Note: Host Thorne Dreyer was also a leader in the ’60s-’70s anti-war movement. (Part 1, with Thomas Cleaver and Alice Embree, was broadcast on Rag Radio Friday, October 6. Listen to the podcast here.)

DuBose and Pogue use the Ken Burns documentary as a taking-off point to discuss the war and its place in our history, including subjects — like the underlying causes of the war, the GI rebellion, and the nature of the peace movement — that the Burns film, with its attachment to false equivalence, either omits entirely or gets very wrong.

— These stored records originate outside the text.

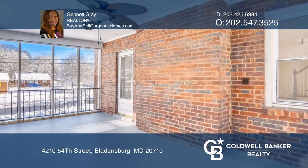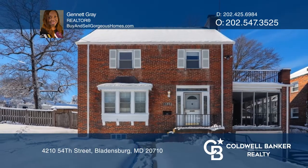Janekre wants to help turn your dreams into a reality. Give her a call today.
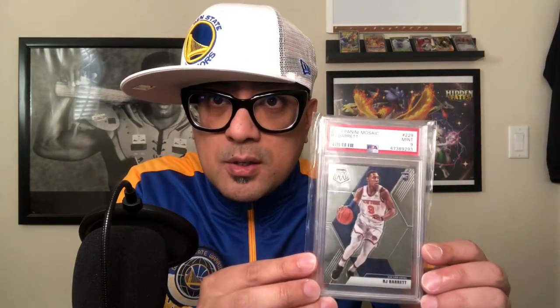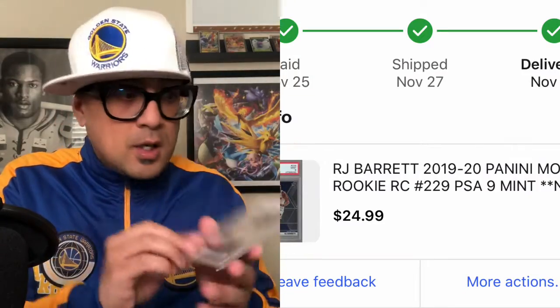My first card is this RJ Barrett PSA 9 Mosaic card. I think I got this for under 30 dollars. I know Prizm is the hottest thing right now, but Mosaic cards are good looking too. I saw this under 30 bucks and said, heck why not — let's pick it up. Alright, let's go with package number two.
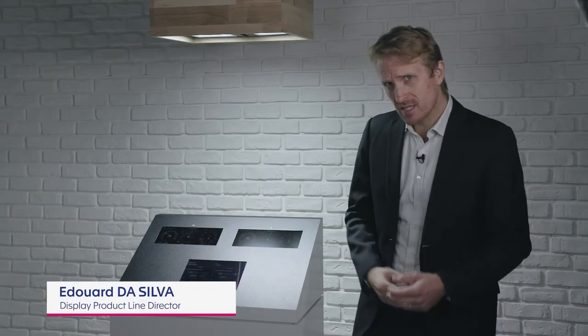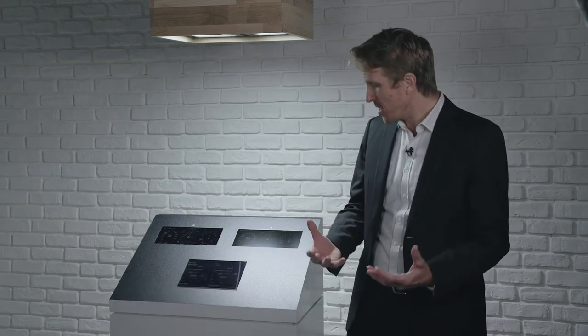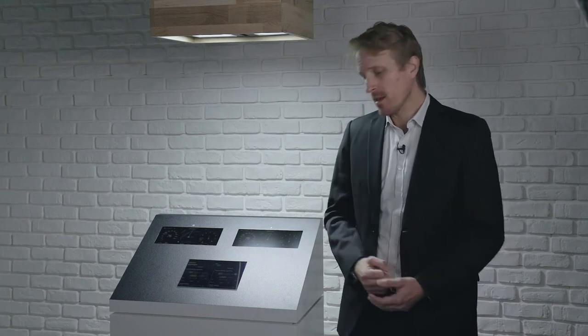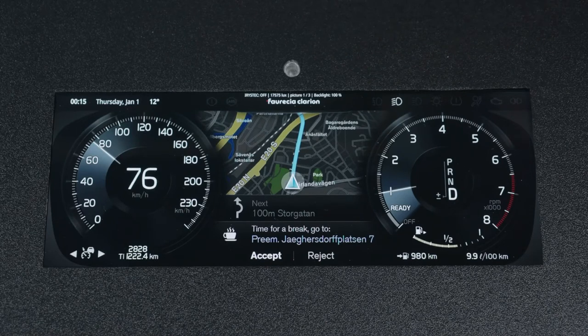This demonstrator is simulating the sunlight during a sunny day. Under these conditions, images appear with lower contrast and brightness. Our solution leverages an ambient light sensor in order to automatically trigger image processing that improves perceived brightness.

Much of this Terry and Alan, as politically-active Vietnam vets, are able to discuss from direct experience.



Terry J. DuBose, a native of Brownfield, Texas, was an enlistee who served in Vietnam from 1966-’68. After the killings at Kent State he became actively involved in protest, organizing Texas Vietnam Veterans Against the War (VVAW) at UT-Austin in 1971. He also served as Texas state coordinator of VVAW, and was on the group’s national steering committee. Terry lives in Austin and is Associate Professor Emeritus at the University of Arkansas for Medical Sciences.

Alan Pogue, now an acclaimed international documentary photographer who specializes in issues of social justice, was a chaplain and then a front-line medic in Vietnam with the 198th Light Infantry Brigade. He returned stateside a committed activist, heavily involved in the burgeoning anti-war movement in Austin, working with SDS and Veterans for Peace — and as a photographer for Austin’s underground newspaper, The Rag. Alan, the author of Witness for Justice (University of Texas Press) lives in Austin where he works through his Texas Center for Documentary Photography.